= What is being asked =
Look through the listing below and report every line that contains "Image".

BEGIN Records for the task

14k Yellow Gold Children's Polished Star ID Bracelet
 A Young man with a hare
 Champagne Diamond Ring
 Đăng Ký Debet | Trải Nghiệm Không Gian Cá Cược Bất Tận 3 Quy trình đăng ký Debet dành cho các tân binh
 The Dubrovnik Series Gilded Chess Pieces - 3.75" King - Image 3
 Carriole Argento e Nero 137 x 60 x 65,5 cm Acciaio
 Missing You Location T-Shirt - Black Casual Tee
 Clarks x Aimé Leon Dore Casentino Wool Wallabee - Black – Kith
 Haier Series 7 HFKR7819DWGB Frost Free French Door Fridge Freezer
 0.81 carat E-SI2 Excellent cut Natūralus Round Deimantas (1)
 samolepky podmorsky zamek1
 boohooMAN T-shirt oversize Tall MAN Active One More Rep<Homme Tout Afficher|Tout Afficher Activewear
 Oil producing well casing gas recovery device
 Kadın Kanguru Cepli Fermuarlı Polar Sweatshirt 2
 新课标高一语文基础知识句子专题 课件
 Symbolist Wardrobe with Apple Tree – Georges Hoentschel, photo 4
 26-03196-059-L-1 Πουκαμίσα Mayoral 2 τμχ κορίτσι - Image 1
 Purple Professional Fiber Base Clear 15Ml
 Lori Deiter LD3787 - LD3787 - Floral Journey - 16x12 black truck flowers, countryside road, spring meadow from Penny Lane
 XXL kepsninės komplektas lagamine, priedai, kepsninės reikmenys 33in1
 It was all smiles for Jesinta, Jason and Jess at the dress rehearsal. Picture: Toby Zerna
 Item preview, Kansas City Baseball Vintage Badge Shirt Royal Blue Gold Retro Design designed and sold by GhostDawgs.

END Records for the task

= Response box =
 The Dubrovnik Series Gilded Chess Pieces - 3.75" King - Image 3
 26-03196-059-L-1 Πουκαμίσα Mayoral 2 τμχ κορίτσι - Image 1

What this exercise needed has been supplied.